Обычно заключенных отправляют в отделение сегрегации, если они склонны к крайнему насилию, но иногда – ради их же безопасности. Некоторые заключенные известны тем, что нарочно задирают охранников, чтобы «спрятаться» в отделении сегрегации, если хотят избегать общения, например, из-за бандитских разборок или долгов за наркотики.
Попав в отделение сегрегации, Стелла постоянно нажимала тревожную кнопку, но когда надзирательницы прибегали, она либо их игнорировала, либо кричала на них, либо требовала принести ей что-то заведомо запрещенное, например, бумагу и ручку. Это тоже виделось мне каким-то бессмысленным – бесцельным и беспорядочным.
Я говорил с коллегами из тюремной службы поддержки психического здоровья (это тюремный эквивалент больничной многопрофильной бригады), которая состояла из нескольких медсестер, многочисленных психологов и еще одного судебного психиатра.

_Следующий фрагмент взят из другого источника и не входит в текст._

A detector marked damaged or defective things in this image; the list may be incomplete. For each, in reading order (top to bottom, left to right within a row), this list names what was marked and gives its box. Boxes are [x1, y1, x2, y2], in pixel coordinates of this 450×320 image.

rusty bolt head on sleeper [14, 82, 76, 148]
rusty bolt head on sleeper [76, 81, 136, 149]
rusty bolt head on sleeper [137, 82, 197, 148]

Кое-кто из персонала, кто работал в тюрьме до меня, и раньше имел сомнительное удовольствие присматривать за Стеллой. Они были убеждены, что она психически здорова и полностью контролирует свое поведение. Я начал сомневаться, поскольку состояние Стеллы ухудшилось. Она стала кричать еще чаще, и в ее голосе появились резкие, животные, нутряные ноты. Мыться она перестала окончательно и начала разбрасывать пищу по камере. Однако обследовать ее по-прежнему было почти невозможно. Ее поместили в камеру с дверью, открыть которую можно было только вдвоем, а следовательно, я видел Стеллу только через дюймовую щелку, причем по бокам от меня стояли две надзирательницы. Говорила она так тихо, что я едва слышал ее. Я был уверен, что она делает это нарочно, поскольку в других случаях мощность ее голосовых связок превосходила самые смелые ожидания.
Мой детектор лапши на ушах так и зажужжал, когда Стелла изобразила, будто слышит голоса. Она вела полноценные разговоры с какой-то другой сущностью, причем как-то театрально и натянуто. Кроме того, это происходило, только когда она знала, что я где-то поблизости, а когда я наблюдал за ней украдкой – нет. С клинической точки зрения я был обескуражен. Ясно, что это была игра. И предостережения коллег, и якобы голоса, и избирательный шепот – все это указывало на то, что Стелла симулирует психическую болезнь. Но затем ее поведение деградировало еще сильнее. Через две недели в одиночном заключении она кричала уже беспрерывно – спала меньше двух часов в сутки, а остальное время визжала. Признаться, впечатление было сильное. В тех случаях, когда дети будили меня плачем или криками из-за страшных снов (а один раз спросили, не хочу ли я поиграть с ними в «Скраббл») – к счастью, это случалось все реже и реже, – я на следующий день был сущий зомби, даже если успевал поспать четыре-пять часов. Чувствовал я себя так, будто свалюсь без тройного эспрессо, а выглядел так, будто свалюсь без дефибриллятора. Я не мог даже представить себе, как Стелла выживает на двух часах сна неделями напролет.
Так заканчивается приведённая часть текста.